The association says the decline is most likely due to the decrease in federal funding for clean diesel projects, as well as the recent trend of funding being spent more on projects that use engine repowers and/or vehicle replacements rather than retrofit devices.
Of the total sold in 2011, 57% were diesel particulate filters, both passively regenerated and actively regenerated filters; 23% were diesel oxidation catalysts, and 4% were flow-through filters.
In California, 7,558 diesel retrofit devices were sold, of which 89% were DPFs and 11% were FTFs.
DPF sales, although they were up slightly, were expected to be much higher in 2011, especially in California due to the requirements of California Air Resources Board's in-use truck and bus regulation. CARB projected that up to 100,000 retrofit DPFs could be installed over the 2011-2014 timeframe to comply with the regulation.

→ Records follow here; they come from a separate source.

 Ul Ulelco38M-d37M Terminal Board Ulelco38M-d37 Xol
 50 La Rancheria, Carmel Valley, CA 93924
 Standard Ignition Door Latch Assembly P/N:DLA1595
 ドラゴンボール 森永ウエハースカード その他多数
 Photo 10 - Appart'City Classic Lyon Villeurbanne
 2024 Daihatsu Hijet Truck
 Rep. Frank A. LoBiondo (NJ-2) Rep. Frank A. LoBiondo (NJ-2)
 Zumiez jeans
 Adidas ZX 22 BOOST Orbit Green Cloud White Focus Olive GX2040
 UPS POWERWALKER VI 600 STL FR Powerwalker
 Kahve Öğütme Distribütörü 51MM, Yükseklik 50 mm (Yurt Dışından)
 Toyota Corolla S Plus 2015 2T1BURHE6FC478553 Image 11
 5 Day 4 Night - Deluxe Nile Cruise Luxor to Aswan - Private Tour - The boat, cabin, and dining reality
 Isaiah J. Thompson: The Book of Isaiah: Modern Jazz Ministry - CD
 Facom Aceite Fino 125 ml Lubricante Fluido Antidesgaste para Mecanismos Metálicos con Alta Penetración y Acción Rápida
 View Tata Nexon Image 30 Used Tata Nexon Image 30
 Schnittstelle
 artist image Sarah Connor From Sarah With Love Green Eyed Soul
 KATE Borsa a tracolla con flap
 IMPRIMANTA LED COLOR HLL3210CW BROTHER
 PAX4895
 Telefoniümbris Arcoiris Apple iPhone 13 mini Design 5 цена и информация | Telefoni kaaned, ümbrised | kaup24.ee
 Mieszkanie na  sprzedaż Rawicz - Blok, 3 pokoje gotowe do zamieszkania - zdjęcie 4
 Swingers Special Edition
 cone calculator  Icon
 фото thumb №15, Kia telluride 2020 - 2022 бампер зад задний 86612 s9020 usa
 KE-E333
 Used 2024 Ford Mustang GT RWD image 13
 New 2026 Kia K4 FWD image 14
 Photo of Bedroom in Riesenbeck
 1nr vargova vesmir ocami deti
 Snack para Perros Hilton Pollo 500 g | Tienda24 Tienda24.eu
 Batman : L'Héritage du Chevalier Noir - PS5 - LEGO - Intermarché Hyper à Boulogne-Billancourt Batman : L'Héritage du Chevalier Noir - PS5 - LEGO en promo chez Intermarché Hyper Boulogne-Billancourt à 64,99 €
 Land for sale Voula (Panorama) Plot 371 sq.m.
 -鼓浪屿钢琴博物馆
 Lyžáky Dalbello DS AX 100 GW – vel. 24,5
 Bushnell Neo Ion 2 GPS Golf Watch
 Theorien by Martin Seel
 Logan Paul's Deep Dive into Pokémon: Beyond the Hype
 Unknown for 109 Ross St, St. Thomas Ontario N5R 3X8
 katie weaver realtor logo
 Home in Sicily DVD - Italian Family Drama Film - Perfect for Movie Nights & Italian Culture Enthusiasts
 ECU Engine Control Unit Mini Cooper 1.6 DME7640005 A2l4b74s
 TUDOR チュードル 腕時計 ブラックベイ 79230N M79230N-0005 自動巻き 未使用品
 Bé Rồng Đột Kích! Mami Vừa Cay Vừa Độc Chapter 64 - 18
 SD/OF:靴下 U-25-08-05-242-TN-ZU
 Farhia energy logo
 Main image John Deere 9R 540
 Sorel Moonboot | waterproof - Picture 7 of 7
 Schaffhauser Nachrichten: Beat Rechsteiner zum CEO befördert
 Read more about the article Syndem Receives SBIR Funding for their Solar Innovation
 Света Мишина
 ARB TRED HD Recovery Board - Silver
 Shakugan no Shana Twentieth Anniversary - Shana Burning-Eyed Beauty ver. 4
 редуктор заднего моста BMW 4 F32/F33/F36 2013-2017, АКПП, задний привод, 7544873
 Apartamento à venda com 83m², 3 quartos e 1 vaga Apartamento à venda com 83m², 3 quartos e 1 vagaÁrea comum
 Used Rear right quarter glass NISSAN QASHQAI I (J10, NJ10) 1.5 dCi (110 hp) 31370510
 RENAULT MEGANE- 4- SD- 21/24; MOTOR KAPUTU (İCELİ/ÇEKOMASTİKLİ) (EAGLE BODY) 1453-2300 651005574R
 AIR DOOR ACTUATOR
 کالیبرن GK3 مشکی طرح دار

In addition, CARB's in-use off-road diesel vehicle regulation was expected to generate additional demand for DPFs, but amendments to the regulation approved in December 2010 meant to give fleets more time to comply due to the economic recession continue to depress the retrofit market opportunity for off-road diesel engines in the state.
Overall, these annual retrofit sales numbers are relatively small compared to the total number of diesel engines currently operating in the U.S. (up to 20 million based on EPA estimates), the association says.